The VQ-VIB Speaker generated communication vectors by first sampling in a 64-dimensional latent space using the reparametrization trick for sampling from a Gaussian and then quantizing to one of the vectors in the codebook. We parametrized VQ-VIB agents with 1024 codebook entries. Traditional VQ architectures sometimes suffer from "codebook collapse" in which only a small fraction of quantized vectors are used. We found that simply using a small positive λ C = 0.01 overcame such issues, likely because regulating complexity increased the stochasticity of encodings, preventing premature settling to local minima. As in standard VQ architectures, we set the hyperparameter β to tradeoff between the committment and embedding losses. In experiments for λ I > 0, we set β = 0.25, the default value. In experiments for λ I = 0, we set β = 0.01; this lower value allowed prototypes to move more, which appeared necessary given the weaker training signal when the informativeness loss was not present. In all experiments, we used an Adam optimizer with default parameters

A.2 ONEHOT SPEAKER

Although the results in our main paper focused on VQ-VIB agents, we conducted some baseline experiments with onehot-based communication (results reported in Appendix C).

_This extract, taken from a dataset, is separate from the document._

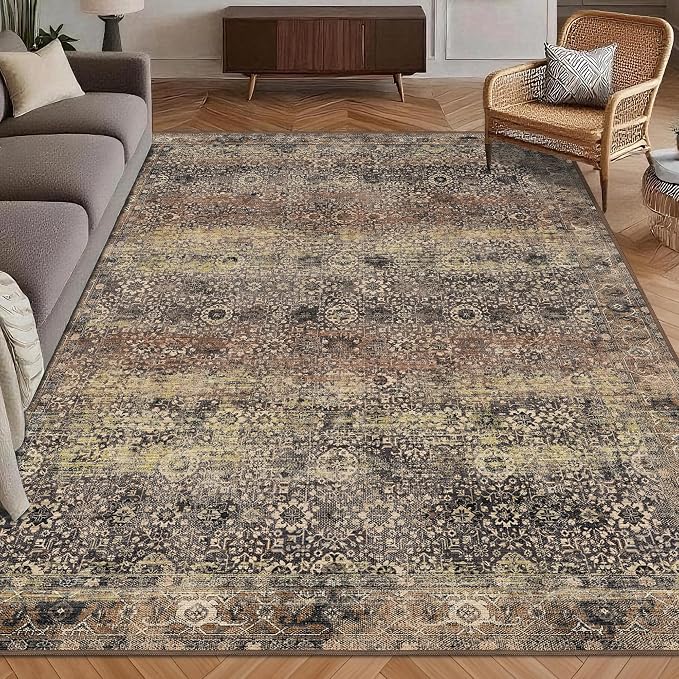 Washable Area Rug 8' x 10' Vintage Traditional Persian Mat by Unknown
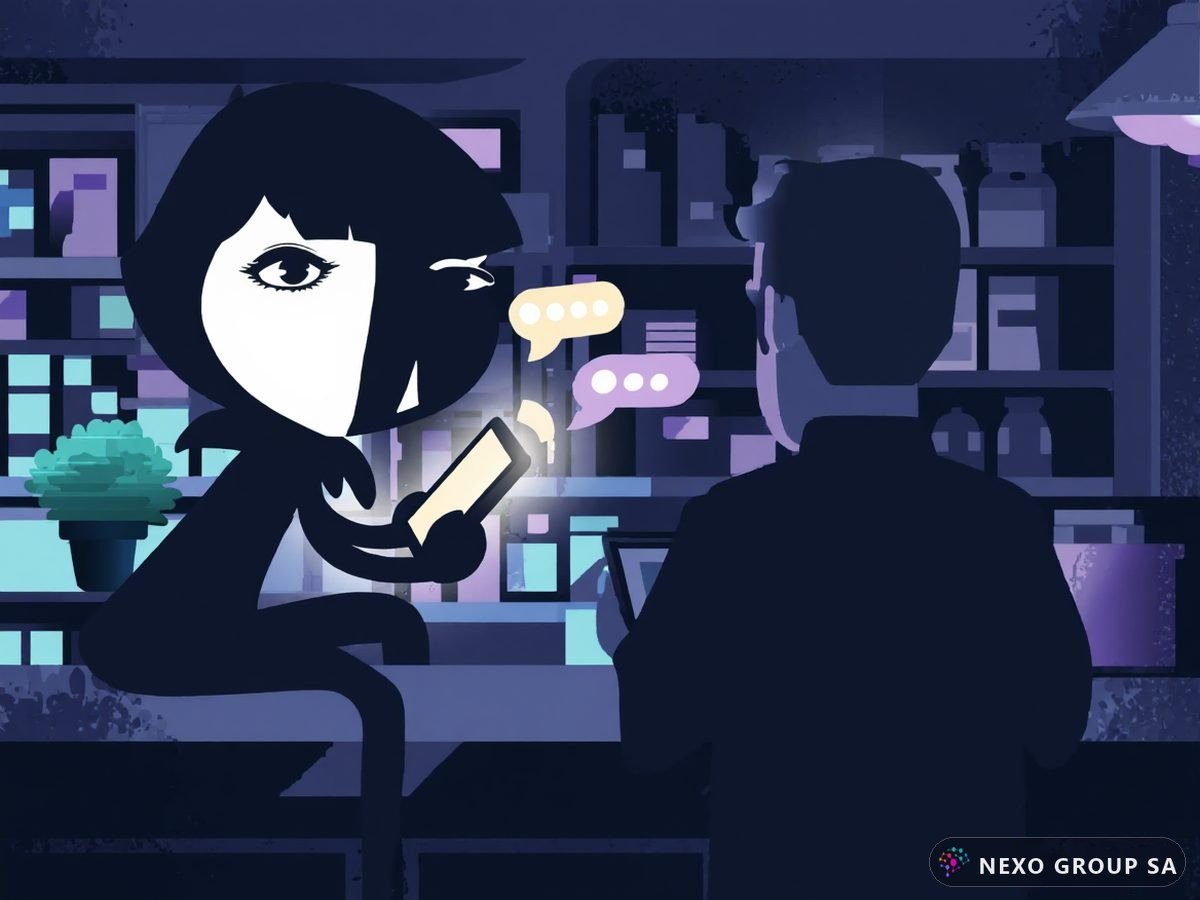 La mascotte di Nexo Agent conversa su Telegram con il titolare dell'attività, seduto sul bancone del negozio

The onehot speaker produced onehot vectors by passing through a "hard" Gumbel-softmax layer. We used a 1024dimensional Gumbel-softmax layer to allow for up to 1024 unique messages. Training agents with default settings for this layer often failed to achieve better-than-random chance; the speaker often devolved to outputting the same message for all inputs. We explored several methods for addressing such failures, including losses for the message entropy (as discussed in Eccles et al. (2019) , among others) and increasing the temperature parameter of the Gumbel softmax layer (as explored in reference games by Chaabouni et al. (2021a) , among others). Sweeping over entropy weights from 0.0001 to 0.1 (at powers of 10), and temperatures in the set [0.1, 1.0, 10.0, 20.0, 50.0] we achieved the best self-play results by penalizing the message entropy with weight 0.001 and setting the temperature to 20 throughout training, while setting λ C = 0. We note that onehot-based communication appeared much more sensitive to hyperparameter tuning than VQ-VIB agents. Agents were trained using an Adam optimizer with default hyperparameters, except for the learning rate, which we set to 0.0001. This rate led to higher self-play scores compared to 0.001 (the default, which led to unstable training that caused communication collapse) and to 0.00001, which never achieved greater-than-random scores.

A.3 PROTOTYPE SPEAKER

Similarly to using onehot agents as a baseline, we conducted additional experiments with prototypebased agents, proposed by Tucker et al. (2021) . Such agents used an internal Gumbel-softmax layer with 1024 units to select a trainable prototype in 64-dimensional communicative space (to match VQ-VIB). We used default parameters for all settings, except the Adam optimizer learning rate which, as for onehot agents, we set to 0.0001. We also set λ C = 0 to encourage highly informative (and complex) communication.

B APPENDIX: VISUALIZATION OF LEARNED COMMUNICATION

In this section, we further explored visualization of learned communication via the visualization method used for Figure 6 , wherein we recorded the mean EC vector for images associated with different topnames. In Figure 8 , we plotted the PCA of EC for in-distribution images (blue), EC for OOD images (in red), and the result of translating English words into the EC space (in green). 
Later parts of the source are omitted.